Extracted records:
====

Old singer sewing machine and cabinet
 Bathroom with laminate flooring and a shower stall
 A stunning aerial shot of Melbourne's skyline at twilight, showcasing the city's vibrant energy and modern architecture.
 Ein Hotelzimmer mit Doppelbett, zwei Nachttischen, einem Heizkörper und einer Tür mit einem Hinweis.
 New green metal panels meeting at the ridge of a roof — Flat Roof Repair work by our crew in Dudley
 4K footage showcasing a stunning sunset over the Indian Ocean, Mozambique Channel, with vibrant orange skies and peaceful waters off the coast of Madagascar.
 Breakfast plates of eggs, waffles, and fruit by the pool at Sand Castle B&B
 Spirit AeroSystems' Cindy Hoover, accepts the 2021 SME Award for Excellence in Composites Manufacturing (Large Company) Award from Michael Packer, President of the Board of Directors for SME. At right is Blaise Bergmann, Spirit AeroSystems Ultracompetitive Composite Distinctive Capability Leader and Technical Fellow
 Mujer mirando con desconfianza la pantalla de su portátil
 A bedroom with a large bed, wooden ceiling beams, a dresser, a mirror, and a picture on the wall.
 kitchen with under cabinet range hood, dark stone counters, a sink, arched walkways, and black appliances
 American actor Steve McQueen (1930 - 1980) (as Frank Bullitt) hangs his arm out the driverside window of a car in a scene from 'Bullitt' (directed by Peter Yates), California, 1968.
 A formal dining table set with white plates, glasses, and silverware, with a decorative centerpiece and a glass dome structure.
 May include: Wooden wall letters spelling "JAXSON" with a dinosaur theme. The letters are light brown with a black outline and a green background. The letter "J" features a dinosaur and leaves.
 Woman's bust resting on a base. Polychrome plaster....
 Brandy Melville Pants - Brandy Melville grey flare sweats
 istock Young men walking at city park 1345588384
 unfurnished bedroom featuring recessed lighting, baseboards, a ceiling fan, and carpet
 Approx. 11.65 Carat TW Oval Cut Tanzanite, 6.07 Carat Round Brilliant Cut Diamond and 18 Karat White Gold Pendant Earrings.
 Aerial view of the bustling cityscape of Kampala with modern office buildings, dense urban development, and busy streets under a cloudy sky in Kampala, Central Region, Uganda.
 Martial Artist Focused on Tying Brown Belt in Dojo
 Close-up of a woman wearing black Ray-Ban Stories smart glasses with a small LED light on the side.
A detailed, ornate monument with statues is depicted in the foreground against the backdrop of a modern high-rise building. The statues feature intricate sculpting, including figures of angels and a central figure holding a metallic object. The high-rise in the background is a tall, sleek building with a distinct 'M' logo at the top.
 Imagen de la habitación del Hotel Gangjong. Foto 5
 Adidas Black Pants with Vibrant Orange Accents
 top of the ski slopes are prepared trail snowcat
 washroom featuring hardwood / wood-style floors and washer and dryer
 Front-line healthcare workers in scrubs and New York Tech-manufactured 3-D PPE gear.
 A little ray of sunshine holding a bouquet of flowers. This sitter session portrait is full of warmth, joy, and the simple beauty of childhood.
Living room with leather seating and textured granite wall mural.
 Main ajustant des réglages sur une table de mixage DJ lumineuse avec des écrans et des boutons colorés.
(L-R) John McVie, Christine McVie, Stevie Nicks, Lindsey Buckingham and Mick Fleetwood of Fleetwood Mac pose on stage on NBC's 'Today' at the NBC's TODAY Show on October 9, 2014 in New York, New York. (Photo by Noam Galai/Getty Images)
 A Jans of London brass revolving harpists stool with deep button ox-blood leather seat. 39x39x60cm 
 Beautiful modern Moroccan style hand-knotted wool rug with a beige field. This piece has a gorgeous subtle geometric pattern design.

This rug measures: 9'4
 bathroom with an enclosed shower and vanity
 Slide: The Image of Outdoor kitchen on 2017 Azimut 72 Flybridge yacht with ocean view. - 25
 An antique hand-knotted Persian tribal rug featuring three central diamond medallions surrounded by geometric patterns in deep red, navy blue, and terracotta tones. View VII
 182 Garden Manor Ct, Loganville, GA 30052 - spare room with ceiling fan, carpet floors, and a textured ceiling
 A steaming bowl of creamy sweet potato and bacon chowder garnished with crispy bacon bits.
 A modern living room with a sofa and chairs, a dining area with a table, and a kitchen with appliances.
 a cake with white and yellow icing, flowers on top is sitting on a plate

====

◆ **DESCRIPTION OF THE TASK**:
In the entries above, find each line with "table" and copy it.

◆ **TASK RESPONSE**:
 A formal dining table set with white plates, glasses, and silverware, with a decorative centerpiece and a glass dome structure.
 Main ajustant des réglages sur une table de mixage DJ lumineuse avec des écrans et des boutons colorés.
 A modern living room with a sofa and chairs, a dining area with a table, and a kitchen with appliances.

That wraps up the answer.